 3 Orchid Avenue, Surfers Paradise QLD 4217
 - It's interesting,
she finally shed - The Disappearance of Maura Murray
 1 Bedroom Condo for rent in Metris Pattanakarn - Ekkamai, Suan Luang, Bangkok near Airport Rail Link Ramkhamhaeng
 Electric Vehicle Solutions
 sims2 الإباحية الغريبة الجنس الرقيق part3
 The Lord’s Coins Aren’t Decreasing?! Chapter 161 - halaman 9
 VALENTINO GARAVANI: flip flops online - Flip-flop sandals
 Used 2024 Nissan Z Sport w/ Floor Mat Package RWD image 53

+++++

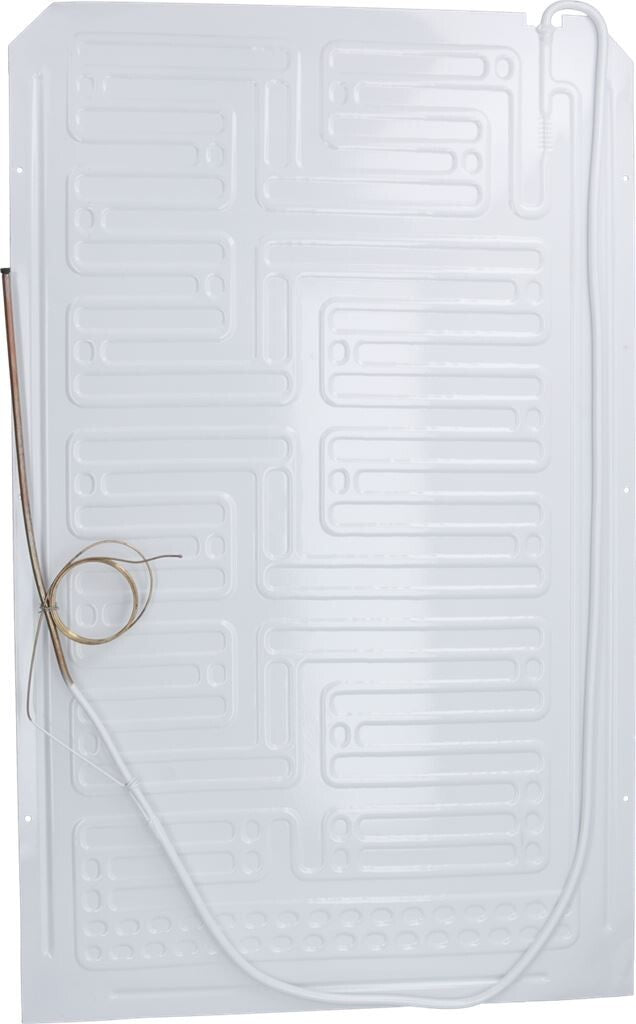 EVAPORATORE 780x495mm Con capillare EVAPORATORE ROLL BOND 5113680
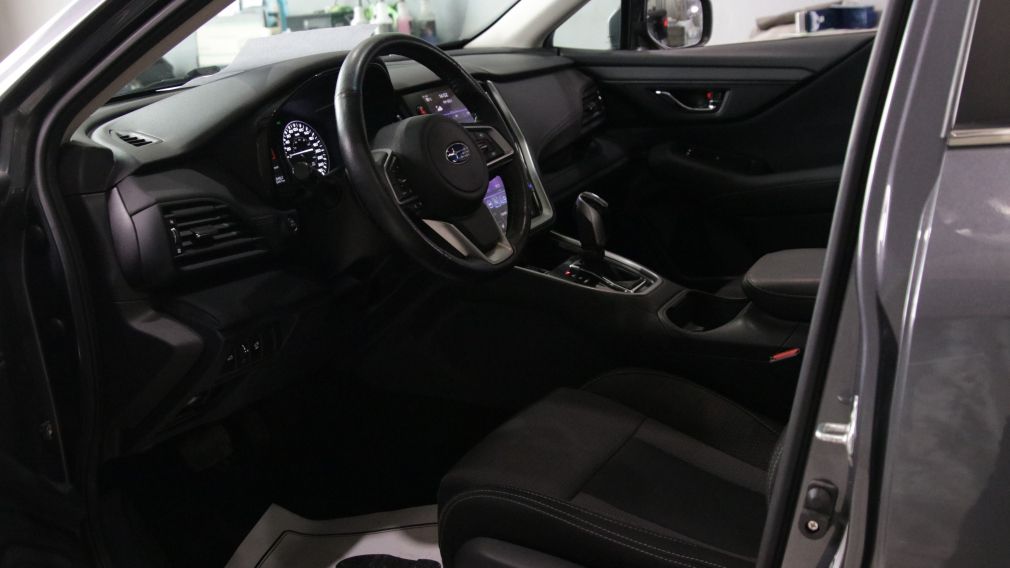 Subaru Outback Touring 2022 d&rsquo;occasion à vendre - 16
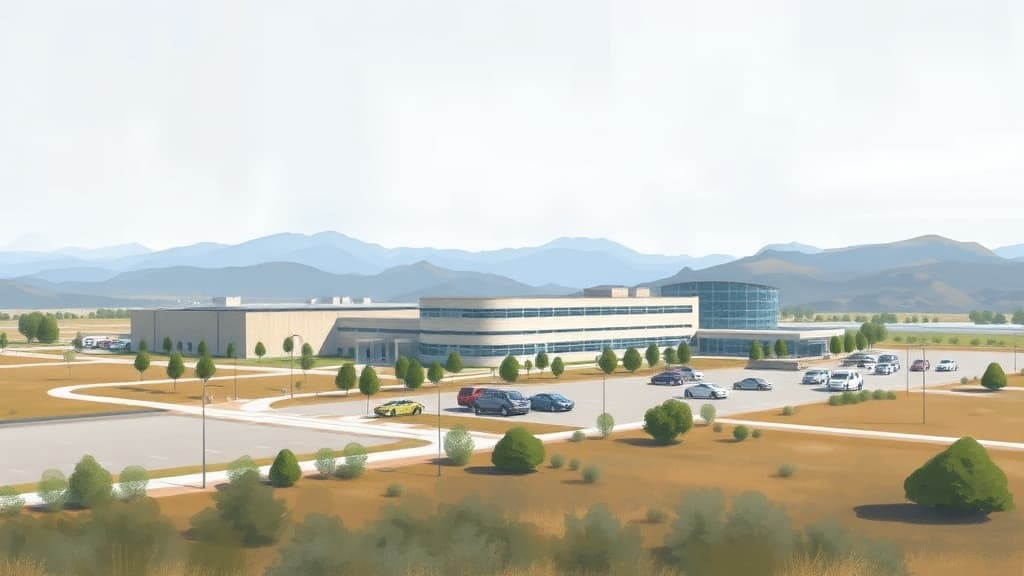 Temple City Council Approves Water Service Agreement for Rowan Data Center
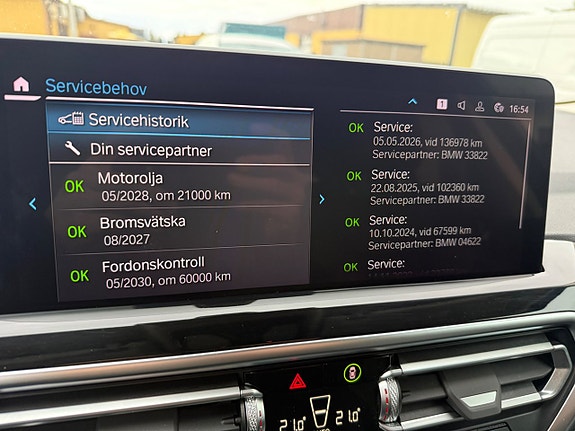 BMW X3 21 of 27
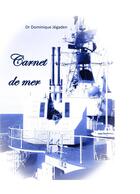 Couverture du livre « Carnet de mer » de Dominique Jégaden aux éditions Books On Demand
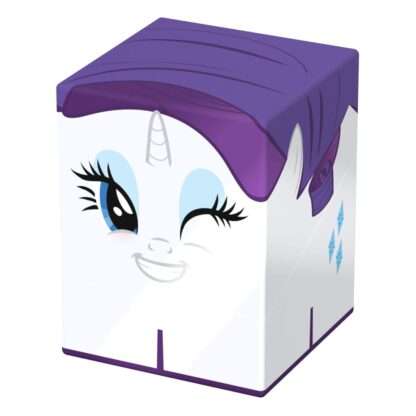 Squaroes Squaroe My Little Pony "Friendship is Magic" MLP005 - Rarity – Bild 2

+++++

In the listing above, find the line with "3 Orchid Avenue, Surfers Paradise QLD 4217" and the line with "Electric Vehicle Solutions"; set down exactly those two lines and every line between them, nothing more.

 3 Orchid Avenue, Surfers Paradise QLD 4217
 - It's interesting,
she finally shed - The Disappearance of Maura Murray
 1 Bedroom Condo for rent in Metris Pattanakarn - Ekkamai, Suan Luang, Bangkok near Airport Rail Link Ramkhamhaeng
 Electric Vehicle Solutions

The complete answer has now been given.